### DATASET EXTRACT ###

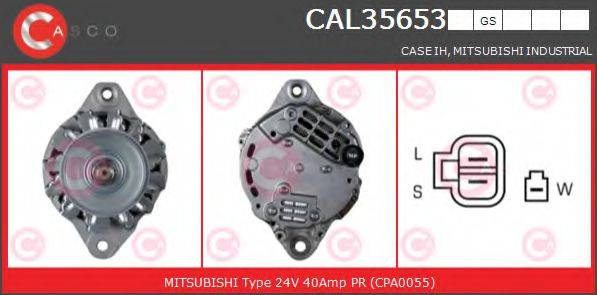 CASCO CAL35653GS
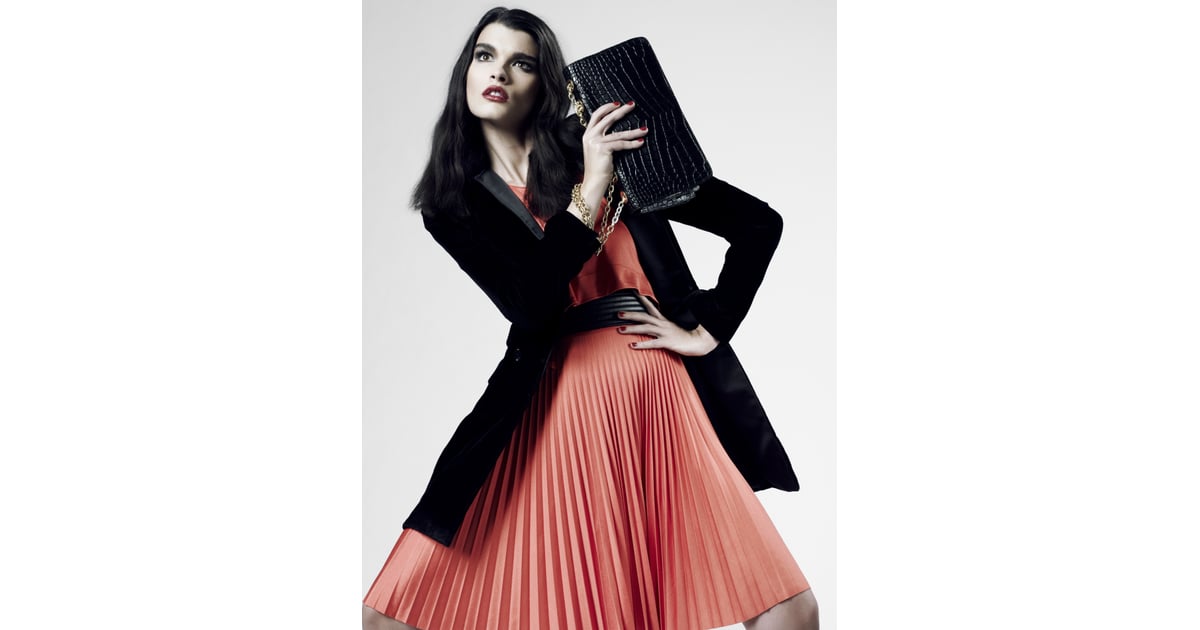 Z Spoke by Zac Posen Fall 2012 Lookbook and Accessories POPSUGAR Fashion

###
### DATASET EXTRACT ###

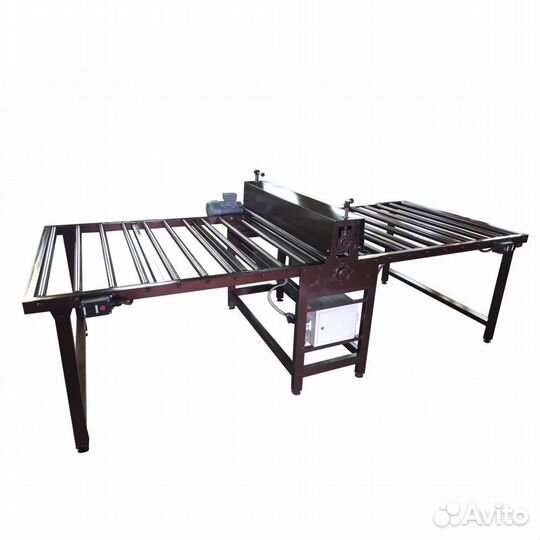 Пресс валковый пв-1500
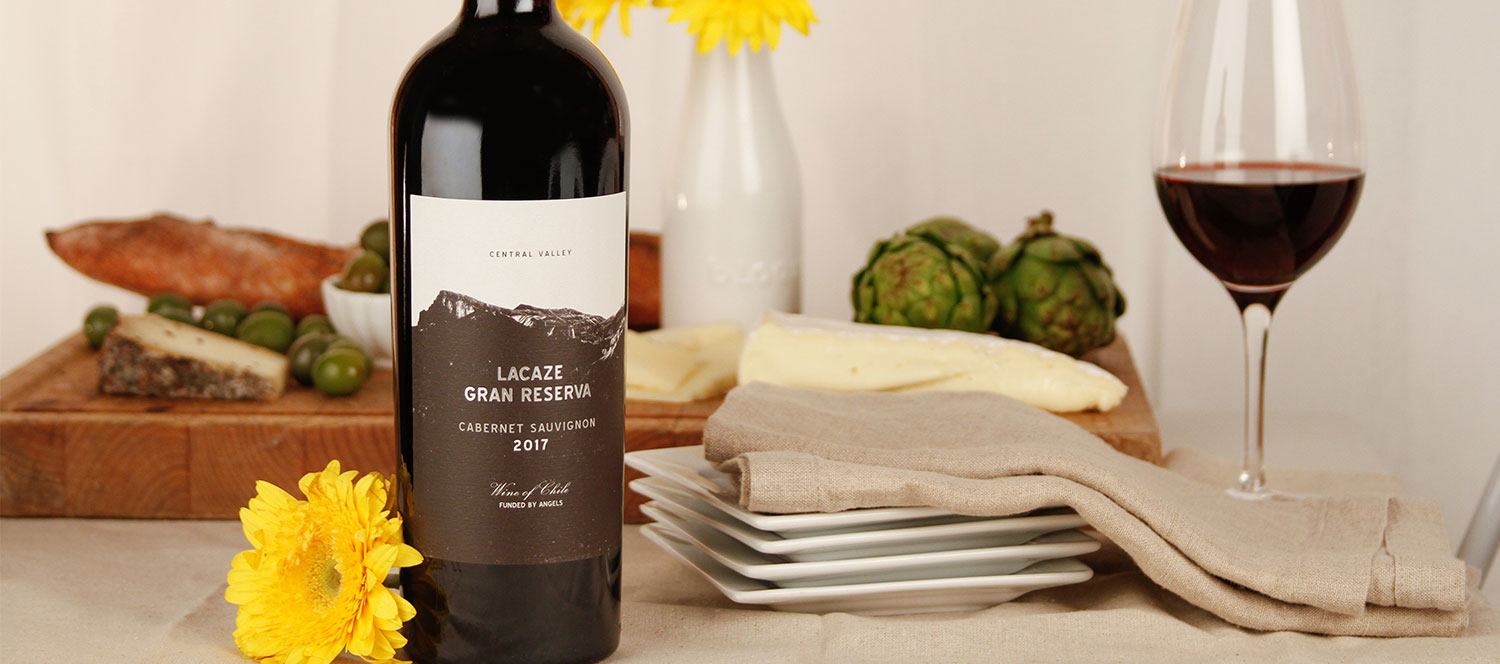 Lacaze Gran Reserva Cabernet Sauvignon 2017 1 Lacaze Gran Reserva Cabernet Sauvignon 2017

###

While skipping the pictures, transcribe the data above from the line showing "CASCO CAL35653GS" through the line showing "Z Spoke by Zac", exactly and with both ends.

 CASCO CAL35653GS
 Z Spoke by Zac Posen Fall 2012 Lookbook and Accessories POPSUGAR Fashion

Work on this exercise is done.